• **What is expected**
Starting at the line with "Azərbaycan Dağlıq Qarabağ", return every line through the final one of the data, word for word. Pictures stay out.

---- Excerpted data

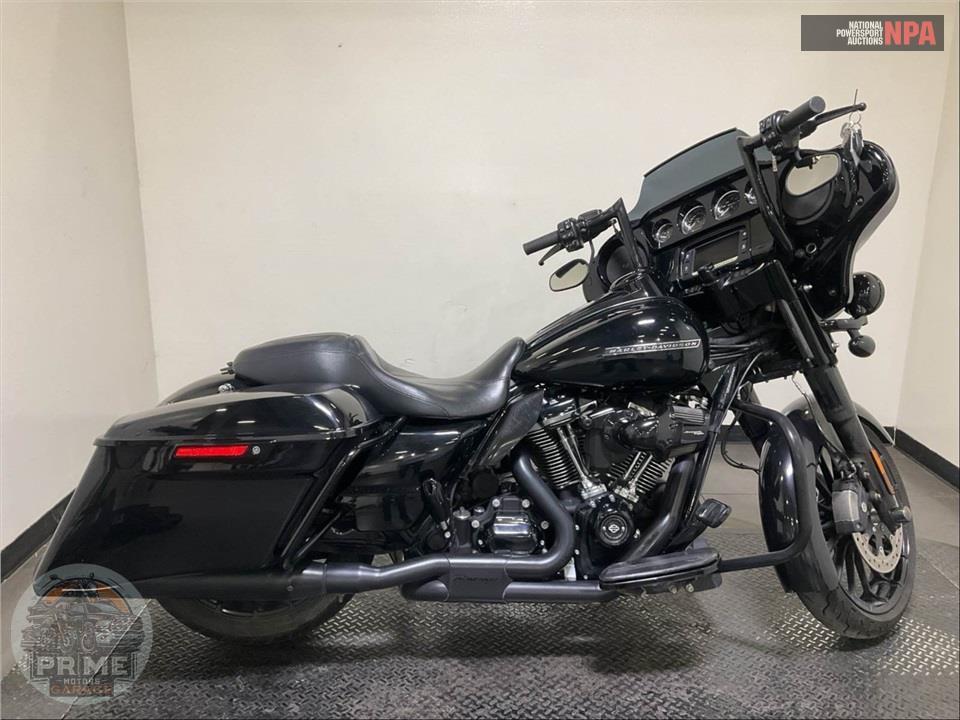 2018 Harley-Davidson FLHXS STREET GLIDE SPECIAL — фото 1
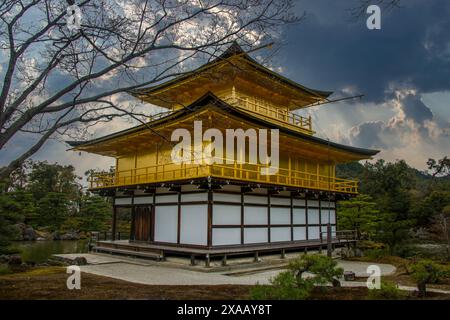 Kinkaku-Ji (Goldener Pavillon) buddhistischer Tempel, UNESCO-Weltkulturerbe, Kyoto, Honshu, Japan, Asien Stockfoto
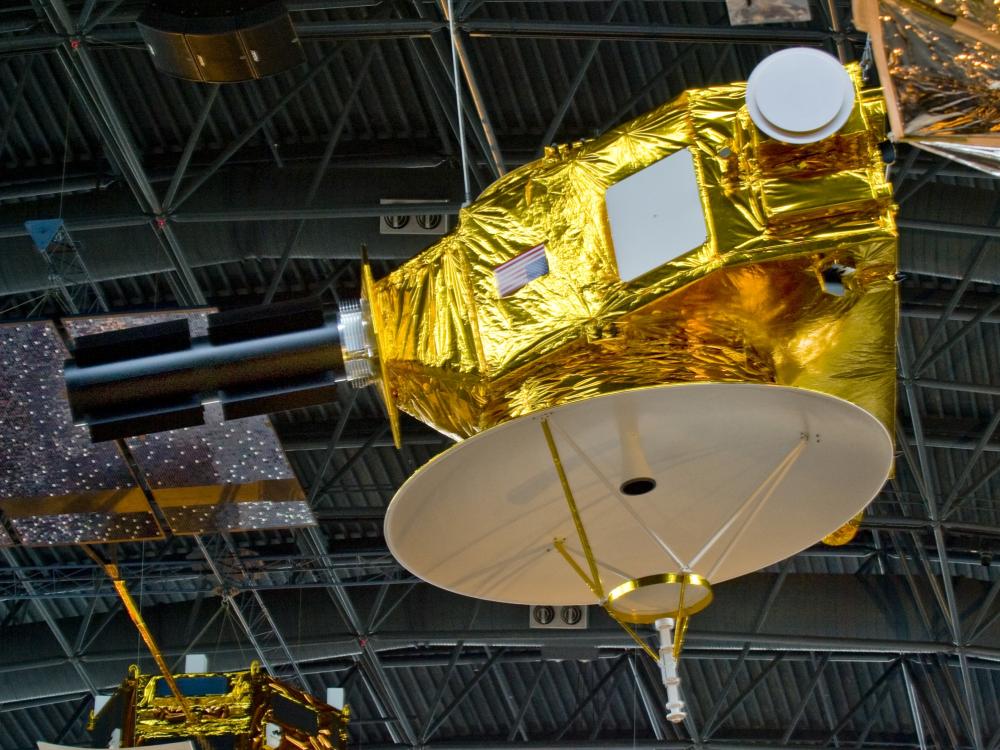 New Horizons Full-Scale Model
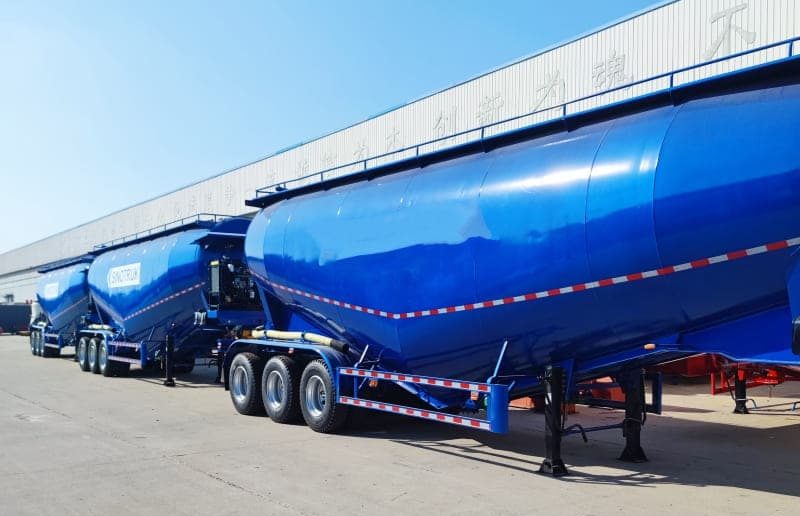 Reman Dry Bulk Cement Trailer 35 CBM 7 reman dry bulk tanker for sale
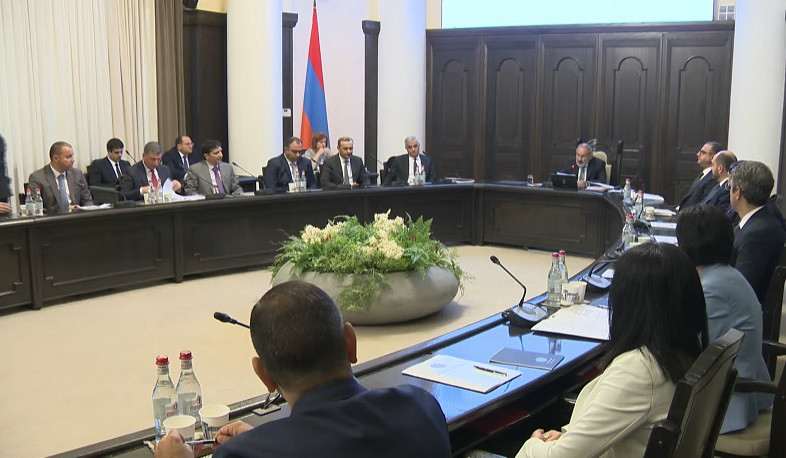 Azərbaycan Dağlıq Qarabağ ermənilərini aclıq yolu ilə soyqırıma məruz qoymaq siyasətini davam etdirir: Paşinyan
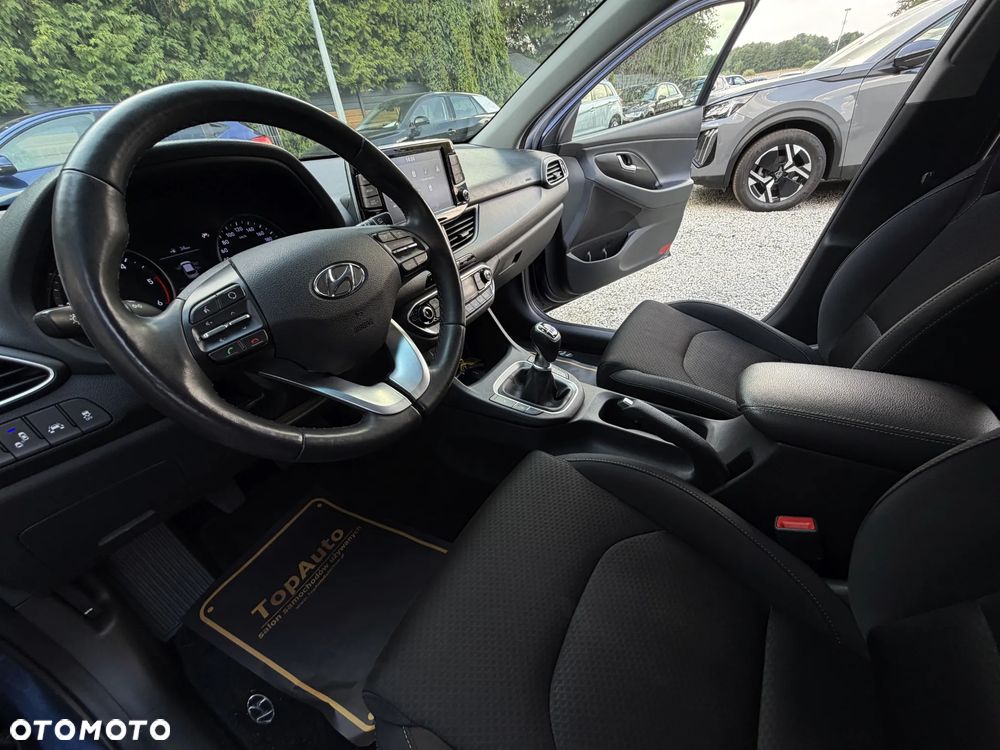 Hyundai i30 1.6 CRDi BlueDrive Go - 33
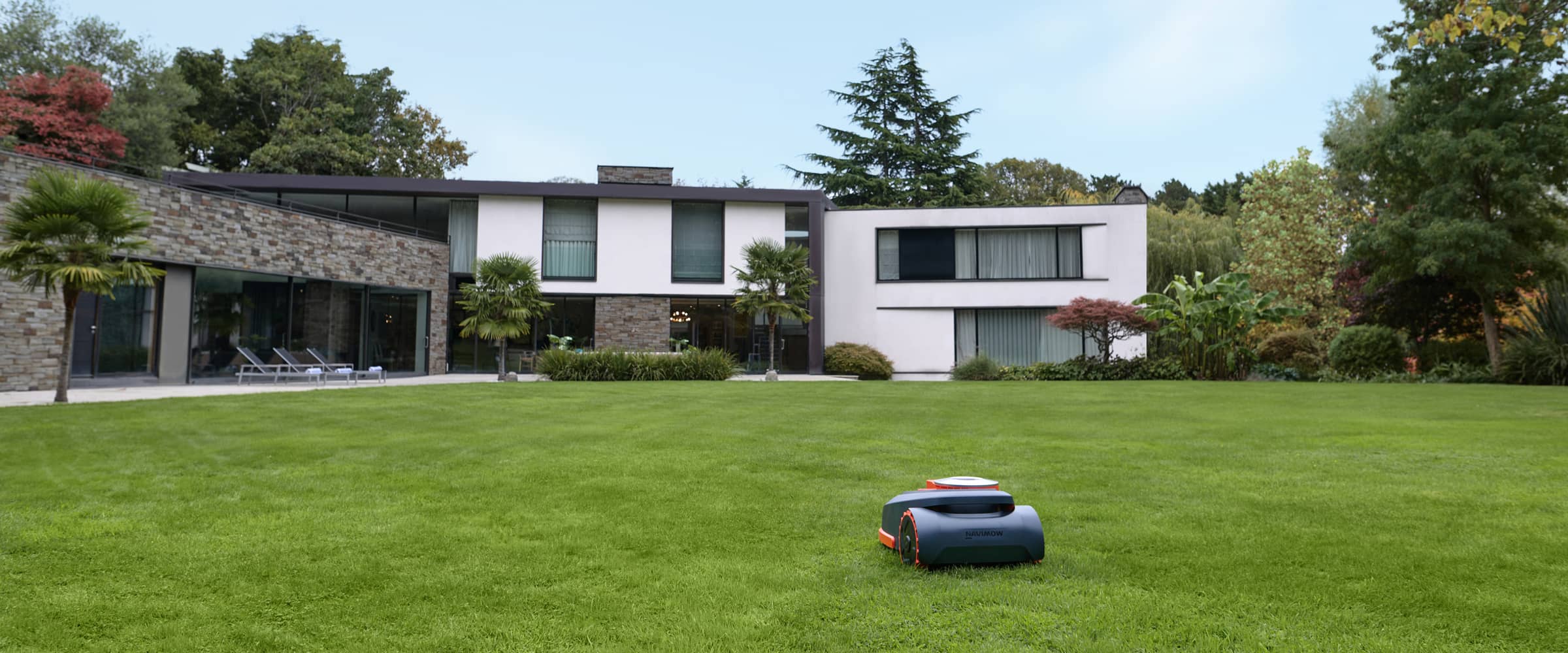 Navimow i Series robot lawn mower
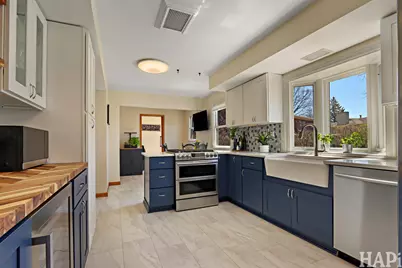 33254 N Cove Road, Grayslake, IL 60030 - Photo 13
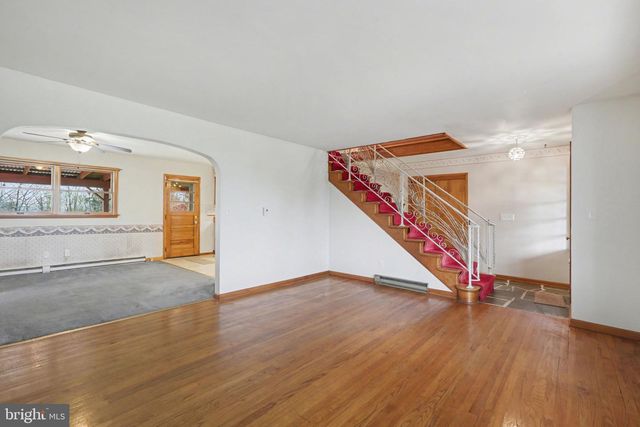 205 N MIDDLESEX RD, Carlisle, PA 17013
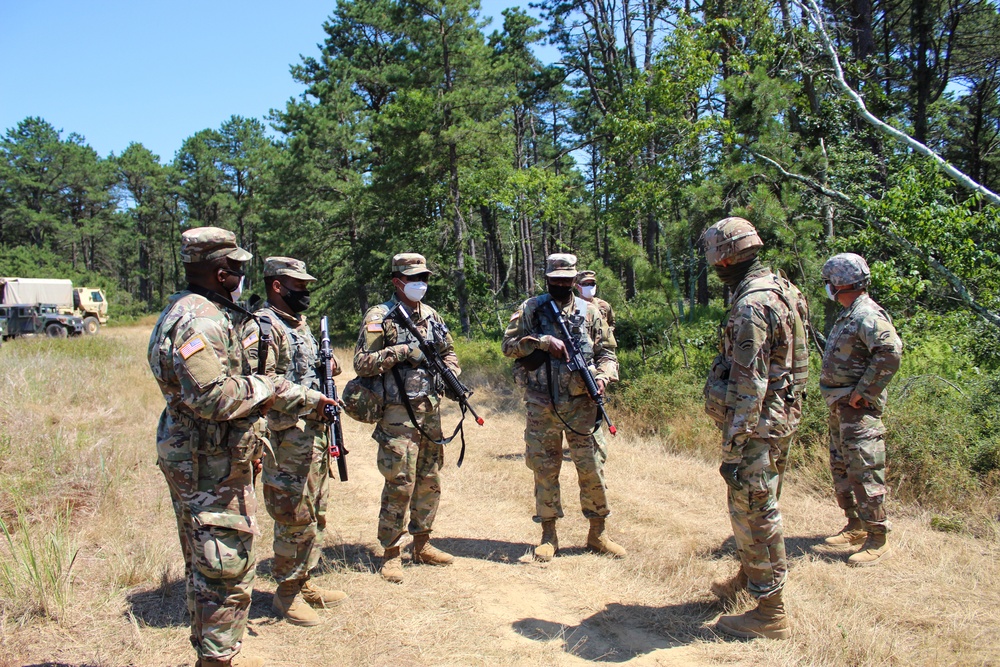 Col. Michael Charnley visits Soldiers in Long Island during their Annual Training
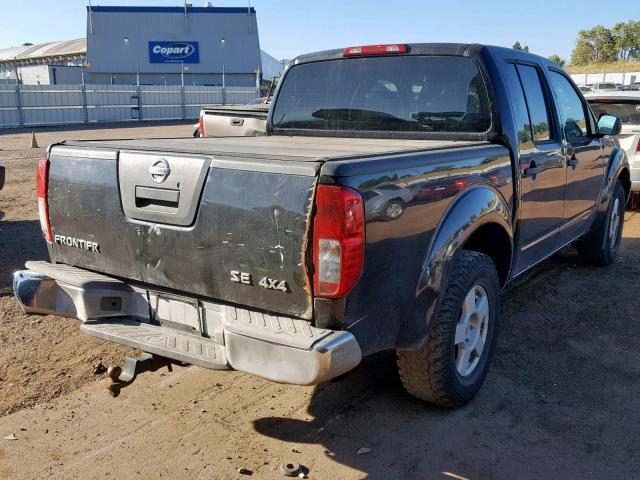 1N6AD07W56C403401 - 2006 NISSAN FRONTIER C BLACK photo 4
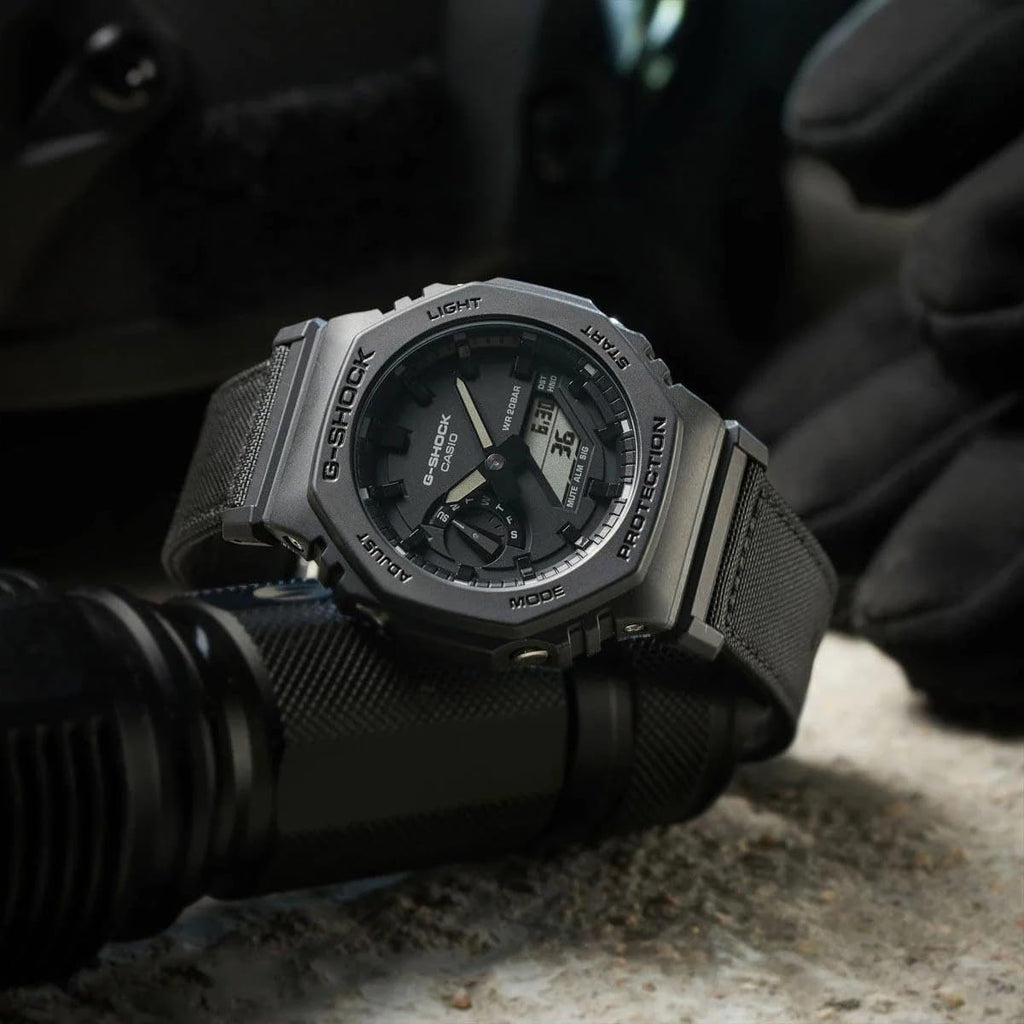 Black Carbon Watch Z555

--------

• **Written solution**
 Azərbaycan Dağlıq Qarabağ ermənilərini aclıq yolu ilə soyqırıma məruz qoymaq siyasətini davam etdirir: Paşinyan
 Hyundai i30 1.6 CRDi BlueDrive Go - 33
 Navimow i Series robot lawn mower
 33254 N Cove Road, Grayslake, IL 60030 - Photo 13
 205 N MIDDLESEX RD, Carlisle, PA 17013
 Col. Michael Charnley visits Soldiers in Long Island during their Annual Training
 1N6AD07W56C403401 - 2006 NISSAN FRONTIER C BLACK photo 4
 Black Carbon Watch Z555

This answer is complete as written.